As I continue to realign my portfolio, the next investment I will be focusing on is international exposure. I have decided that I want to be more focused in Europe and will do so via an ETF strategy. The overall weight of my portfolio will remain in US equities at this time, so I am just fine tuning the allocation that is assigned international equities.
As most will know, an ETF offers the opportunity to invest in a broadly diversified manner. And for this reason I favor them at this point in my own wealth generation timeline. There are two reasons that I like Europe:
A weak Euro
The Euro has dropped dramatically against the USD in the past 12 months. I see this as a buying opportunity.
An Emerging business cycle
If we compare the US business cycle since the 2008 financial crisis, the markets have been very bullish. We are already at a point in time where historically things have declined in terms of business cycle. While I do not anticipate a sharp contraction, I could see things becoming a little flat for the next 1-3 years. Europe, on the other hand, is still fighting hard to get their economy moving, with a rate of almost zero.
To hedge or not to hedge?
When you invest internationally currency risk becomes a factor. Regardless of how the underlying equities within such an investment should perform, you absolute return is pegged to the foreign exchange rates between your currency and the country involved.
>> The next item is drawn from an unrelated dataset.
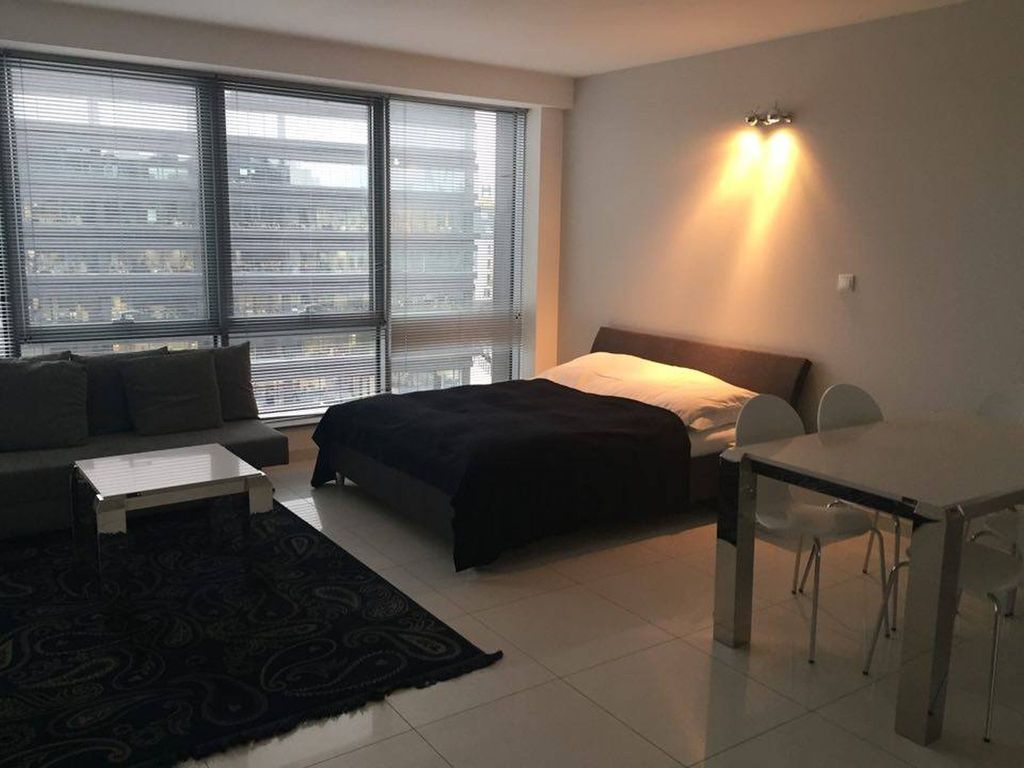 Silver Apartments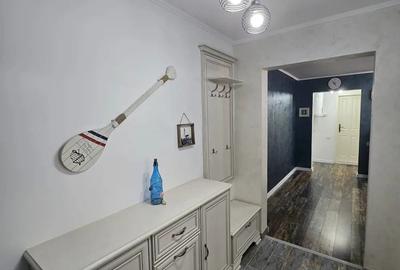 Apartament cu 3 camere semidecomandat în Jurilovca - 2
A hedged ETF addresses currency risk
If you invest in a hedged ETF it will have currency risk strategies built into it. This means that the performance of the ETF will somewhat match the local returns, regardless of change in rates between the two countries. The downside of this is that hedging does create additional expense ratios. A good example of a hedged ETF is HEDJ, from WisdomTree, which seeks to track the WisdomTree Hedged European Index. Here’s a breakdown of the investments via country
Note, that while this does appear to reflect diversification by country, the companies within these geographies tend to be major multinationals that have global revenue streams, and this does impact correlation.
An unhedged ETF does not offer the same protection for currency
With unhedged investing you are investing in a 2 dimensional risk model. You have the potential for gains and losses on the companies within the ETF and additionally gains and losses on the currency.
This chart is a great way to see how the impact of the declining Euro impacted the returns of an unhedged ETF, I selected Vanguards VGK for this comparison . As you can see, very similar funds performed in very different ways because one (VGK) was dragged down by the Euro whereas one (HEDJ)was hedged against that.
What do you think?
Would you invest in Europe now, or focus on the US market? If you do decide to invest overseas, would you seek to hedge that currency risk, or add it in as an additional upside potential?